ACTION ITEM » Locate every line in the records below that contains the word "Lane", and copy each one.

★ ★ ★

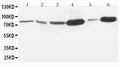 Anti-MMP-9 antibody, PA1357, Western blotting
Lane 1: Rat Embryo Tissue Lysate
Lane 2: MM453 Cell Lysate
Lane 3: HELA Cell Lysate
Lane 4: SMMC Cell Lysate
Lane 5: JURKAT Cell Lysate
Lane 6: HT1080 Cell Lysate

★ ★ ★

SOLUTION TO THE EXERCISE »
Lane 1: Rat Embryo Tissue Lysate
Lane 2: MM453 Cell Lysate
Lane 3: HELA Cell Lysate
Lane 4: SMMC Cell Lysate
Lane 5: JURKAT Cell Lysate
Lane 6: HT1080 Cell Lysate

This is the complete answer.